I shall talk mainly about NATO. I am pleased that my friend—I am not sure whether I am allowed to call him that—the noble Lord, Lord Robertson, is here. We have to remember that Article 5 of the NATO treaty, of which we often quote the first part, says that an attack on one is an attack on all. It then goes on to say nothing about what should be done. As a senior member of a southern European navy pointed out to me, as far as his country was concerned, nothing should be done, under Article 5, if there were an attack in eastern Europe. But, of course, Ukraine is not in NATO, and the first thing I would advise is that
“Ukraine’s irreversible path to full NATO membership to quote the Prime Minister, is exactly the wrong direction in which to proceed. The one thing we do not need is a lot of squabbling states carrying out their hatreds on NATO’s base. There is already far too much going on in eastern Europe with NATO members, but that can be contained. If we extend NATO membership to Ukraine, we will essentially extend it into a frozen conflict zone, because the next reality is that Russia is not going to leave Ukraine, either militarily or otherwise. The best you can hope for is a stalemate, and the only way out of a stalemate is a negotiation. You cannot bomb your way out of it.

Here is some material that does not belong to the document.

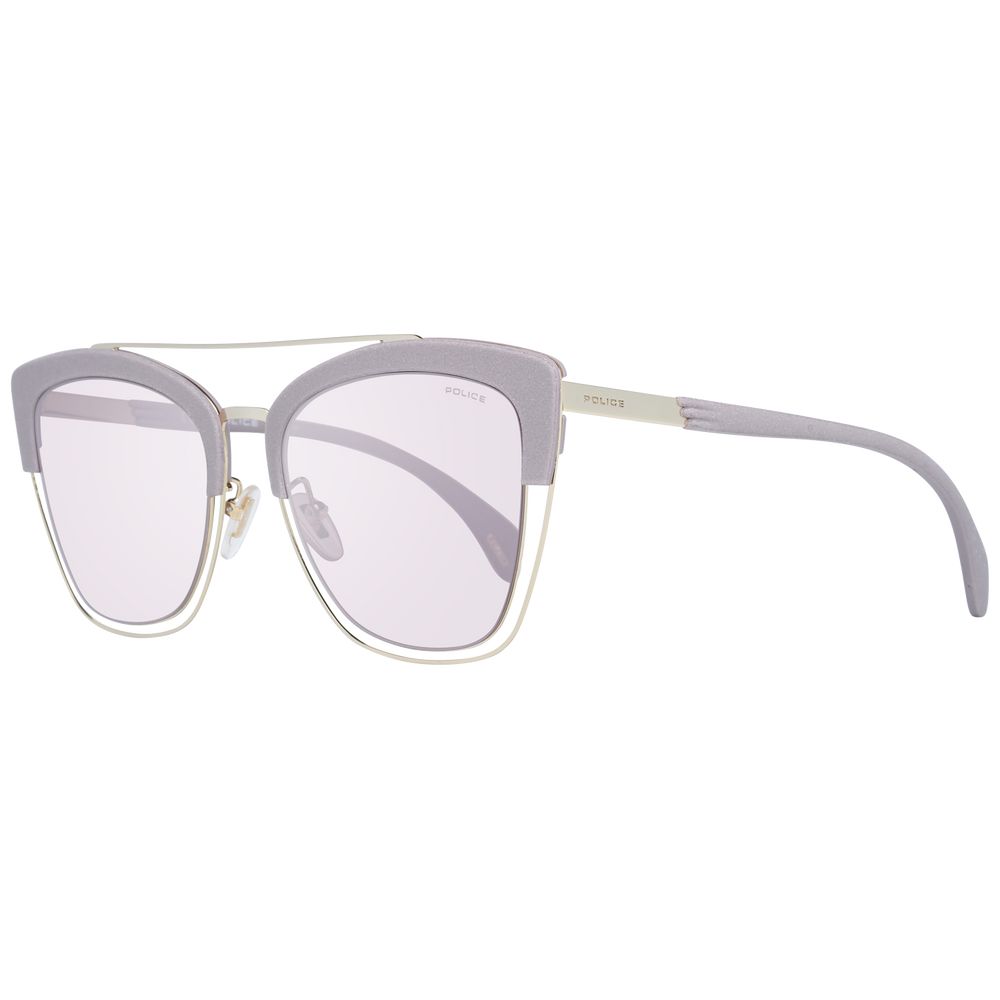 Police Rose Gold Frauen Sonnenbrille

I counsel the Government to look to a European initiative. Trump might be right: it may be about time that we looked after our own defence. In so doing, we would cease to be doing Washington’s demands all the time, because that is at the basis of this.

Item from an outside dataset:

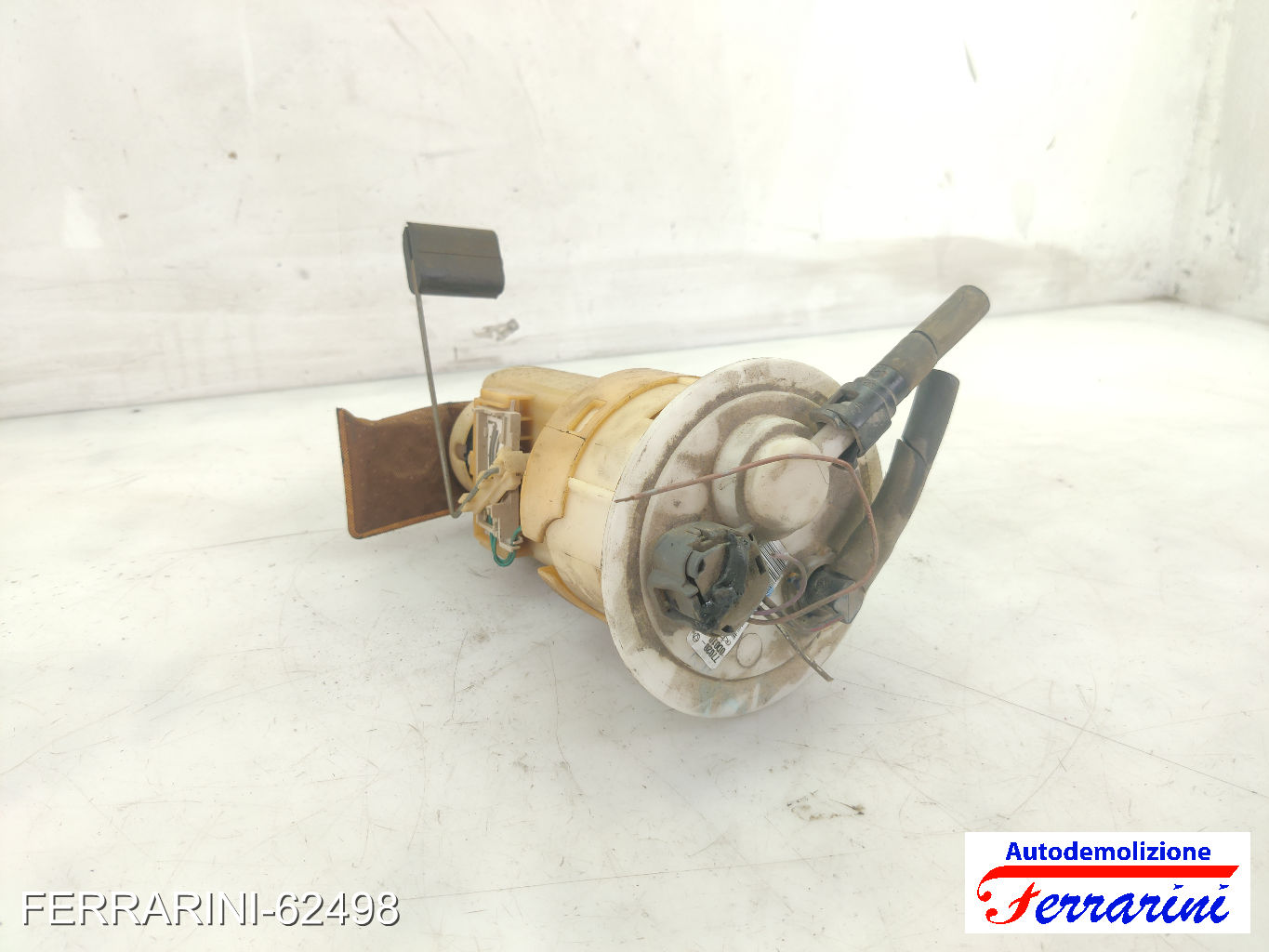Cestello Pompa Galleggiante Serbatoio TOYOTA YARIS P1 1.0 1999-2005 770200D010 9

I note that we have said we will give £3 billion a year—pounds, not euros; I am too used to another Parliament—to Ukraine. I know politics is the language of priorities, and £3 billion is exactly the sum of money which is needed to end the two-child benefit lock, but the priorities of this Government are not children’s poverty; they are arming Ukraine and sending it lots of weapons that it can use to smash up other countries. This is not sensible, particularly if you are not going to win. The Russian Federation and its riparian states have got to learn to solve their problems and live together. You can rewrite your history and—my goodness—I have been there many times and seen how they have rewritten it to a ridiculous extent, but you cannot rewrite your geography. At the end of the day, these countries are next to each other and somehow they have to live together. If we cannot come to an agreement with the Russian Federation, we are in for a lot of trouble.
Talk of preparing for war in three years brings me on to my final point, which echoes the point made at the beginning of this debate by the noble Lord, Lord Howell. Capitalism has failed the young: many of them are unemployed, they cannot buy houses and now we are promising body bags. That is the reality of it. We will not be fighting this war; young people—our grandchildren—will be fighting this war, and they will be dying for an unwinnable cause. So I ask the new Government to think a bit more carefully than the last Government and somehow extricate us from this mess.